-Que se vaya la luz.
Y la luz se fue.
Puede que siempre hubiera querido irse. Le di un beso antes de que se fuera.
Uno pequeñito, un beso de estrella atrapado en las paredes de una botella de
vino donde vive un genio borracho. Un pequeño duende de orejas afiladas que
siempre le echa la culpa al alcohol, al delirium tremens que su propia
existencia le obliga a soportar.
-Que se cierren las ventanas.
Y todas y cada una de las hojas de papel que volaban por el
cuarto cayeron muertas al suelo al dejar de correr la brisa, como un otoño de
apuntes mojados con la lluvia azul del boli, una primavera escondida en
bibliotecas y libros. Dejaron de agitar sus páginas los ordenadores e
hibernaron al comienzo del verano, como osos desubicados.
-Que callen todos.
Y una a una las bocas se fueron cosiendo con hilos de seda
roja.

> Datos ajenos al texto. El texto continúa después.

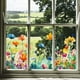 thumbnail image 5 of Pegatinas florales para ventanas: Calcomanías coloridas de primavera para vidrio, protección de doble cara contra colisiones con pájaros, adhesivos reutilizables sin pegamento para ventanas d, 5 of 6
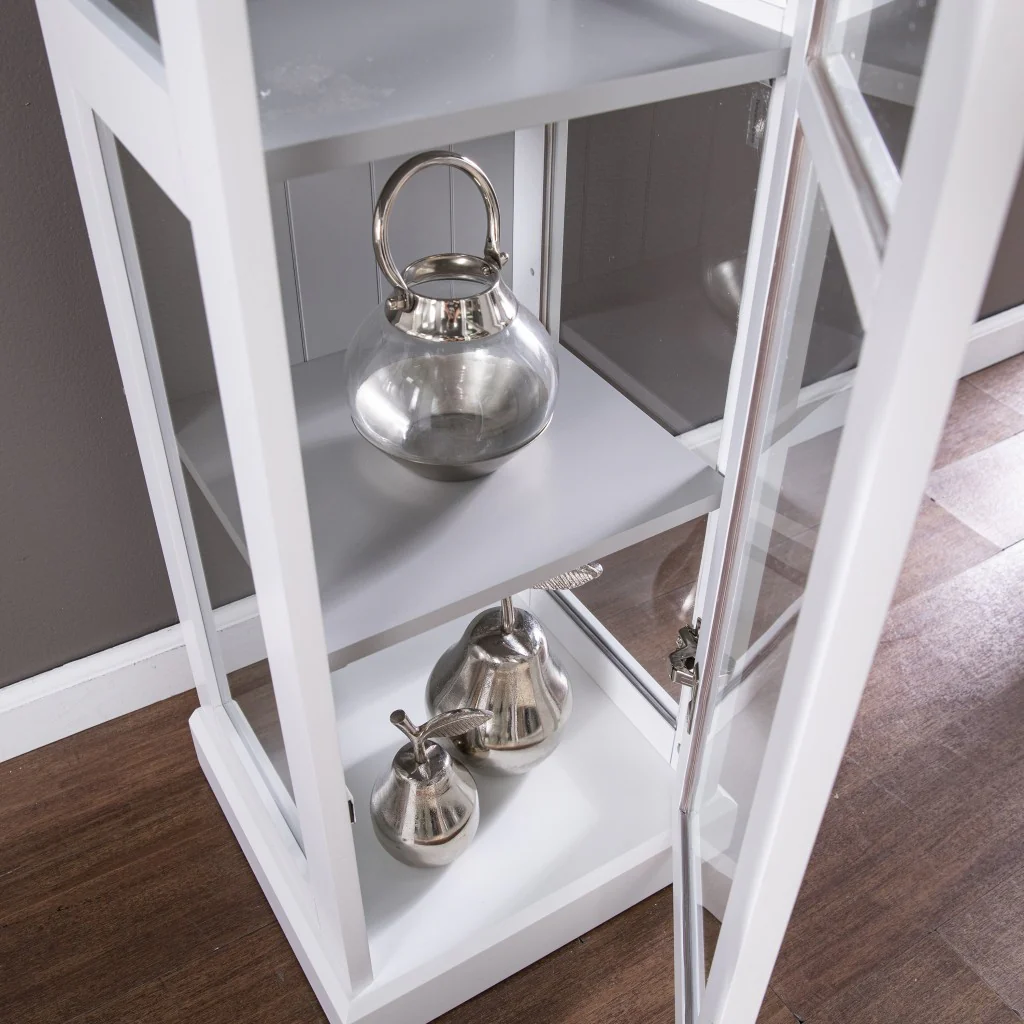 White Cornice Molding Curio With Glass Door By Homeroots - Image 2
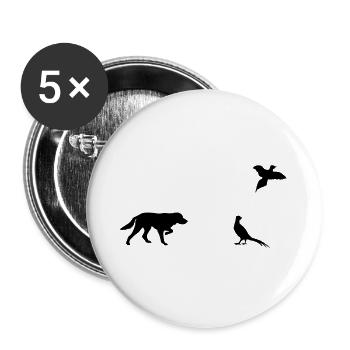 Fronting Dog & Pheasants Silhouette - Buttons large 2.2''/56 mm (5-pack) - white - Front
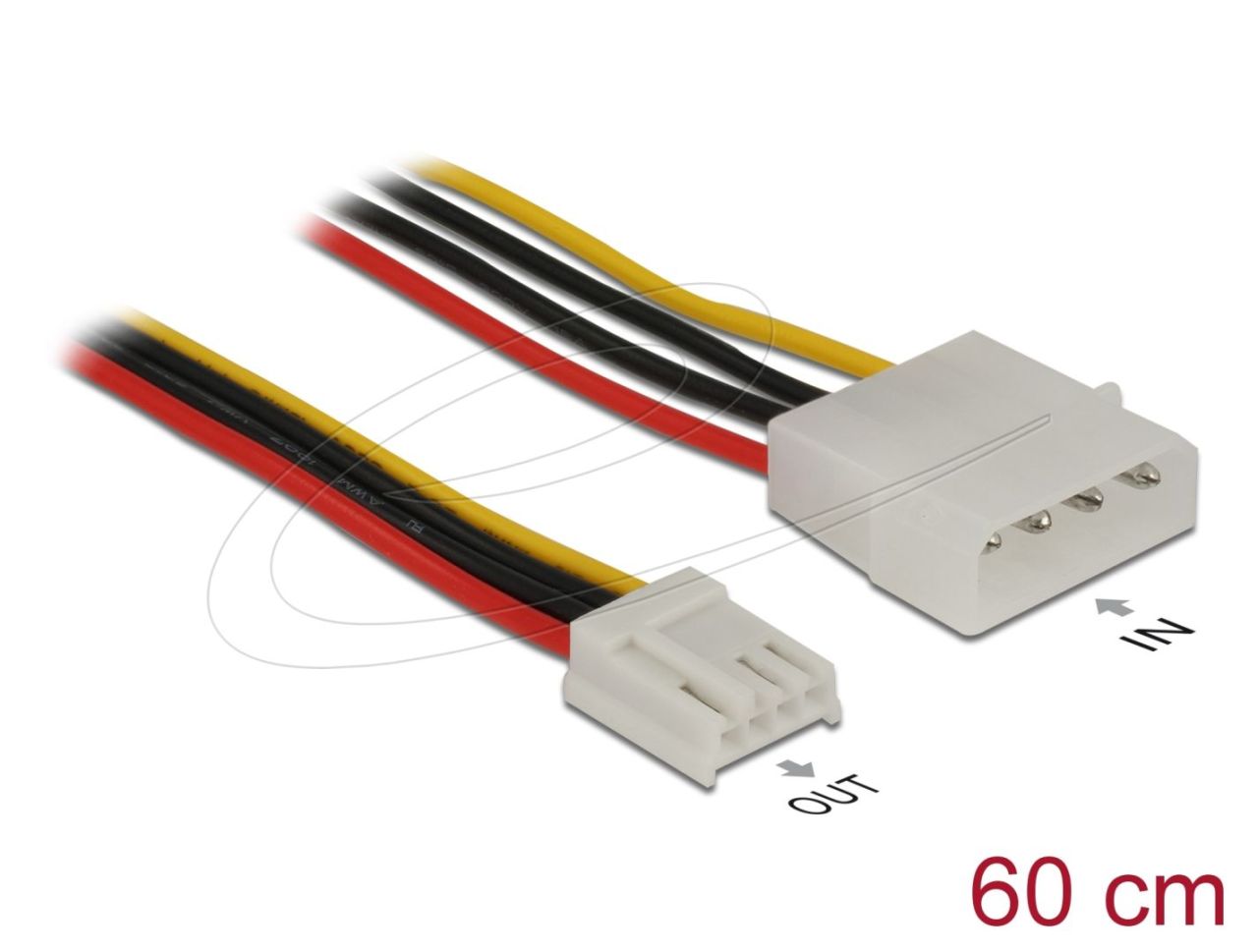 DeLock Power Cable 4 pin male > 4 pin floppy female 60cm DeLock Power Cable 4 pin male > 4 pin floppy female 60cm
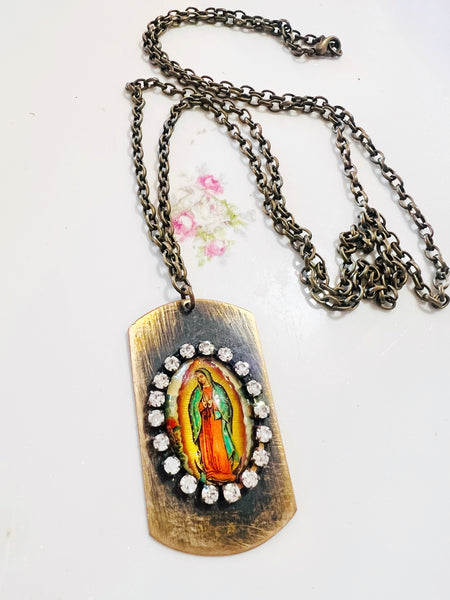 Virgin de Guadalupe Brass Tag Chain Necklace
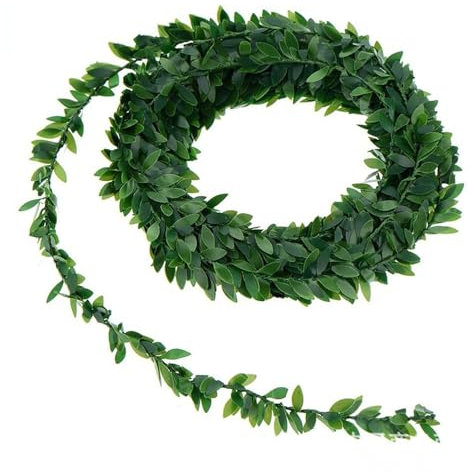 Artificial Ivy Garlands Green Leaves 7.5 M / 24.6Ft Realistic Fake Aesthetic Hangin Vines for Home Garden Accessories Wedding Party Wall Decor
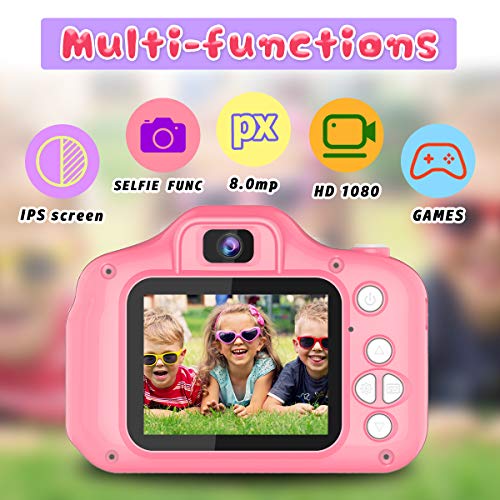 Kids Selfie Camera, Christmas Birthday Gifts for Girls Age 3-9, HD Digital Video Cameras for Toddler, Portable Toy for 3 4 5 6 7 8 Year Old Girl with 32GB SD Card-Pink-Video & DVD Players-ridibi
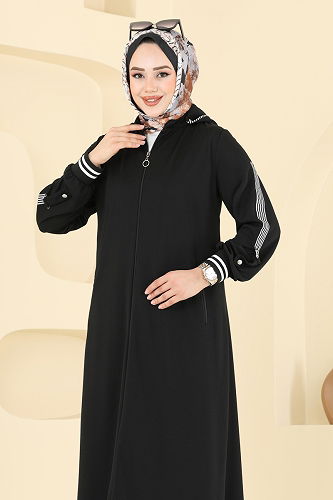 moda selvim عباءة أسود 391DVL817 - Thumbnail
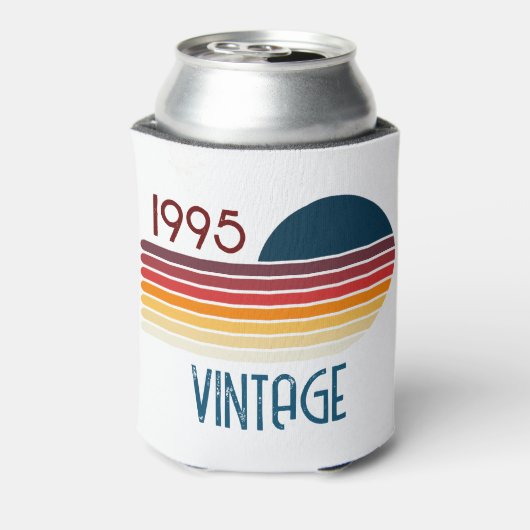 1995 Retro Stripe Zon 30e Verjaardag Blikjeskoeler (Blikje Achterkant)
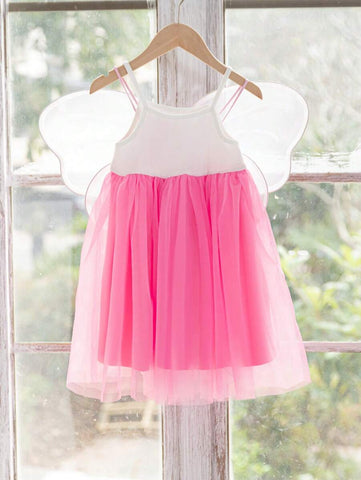 Young Girl Cute Pink 3D ButterFly Wing Shape & Knit Patchwork Mesh Cami Dress Young Girl Cute Pink 3D ButterFly Wing Shape & Knit Patchwork Mesh Cami Dress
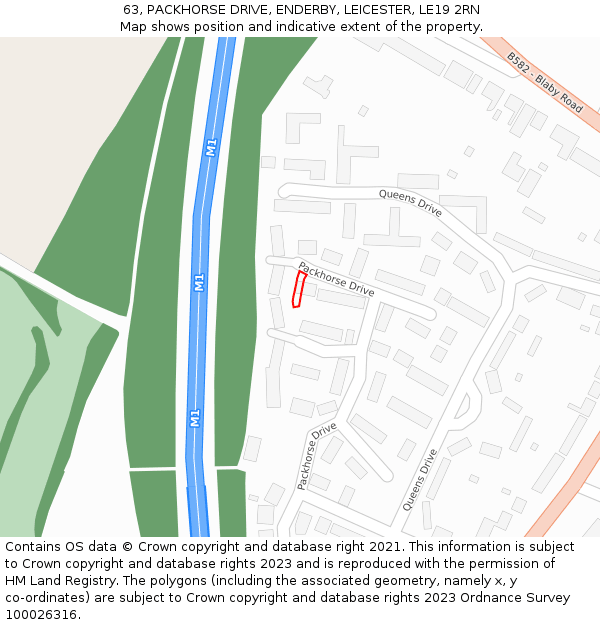 63, PACKHORSE DRIVE, ENDERBY, LEICESTER, LE19 2RN: Location map and indicative extent of plot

Los dientes se abrazaron en camas de marfil, con los colmillos enfundados
en cálido cuero. Las lenguas notaban el crujir aterciopelado del paladar y se
veían envueltas en bailes salvajes con la saliva. El único sabor que fue
invitado al baile fue el que llevamos escrito dentro cada uno de nosotros y que
a veces encaja con el que ofrecemos hacia afuera, cuando las sonrisas son
reflejo del alma.
-Que empiece la música.
Y la mesa inició un lento compás aletargado, denso y pesado
como los objetos que soportaba, tambores de madera. La alfombra dejó deslizar
las notas como acordes de pelos sintéticos y agudos calcetines, la cama susurró
el coro de las sábanas contra el bajo de la almohada.
-Y ahora, hazme el amor.
Y comenzamos a rodar en el infinito.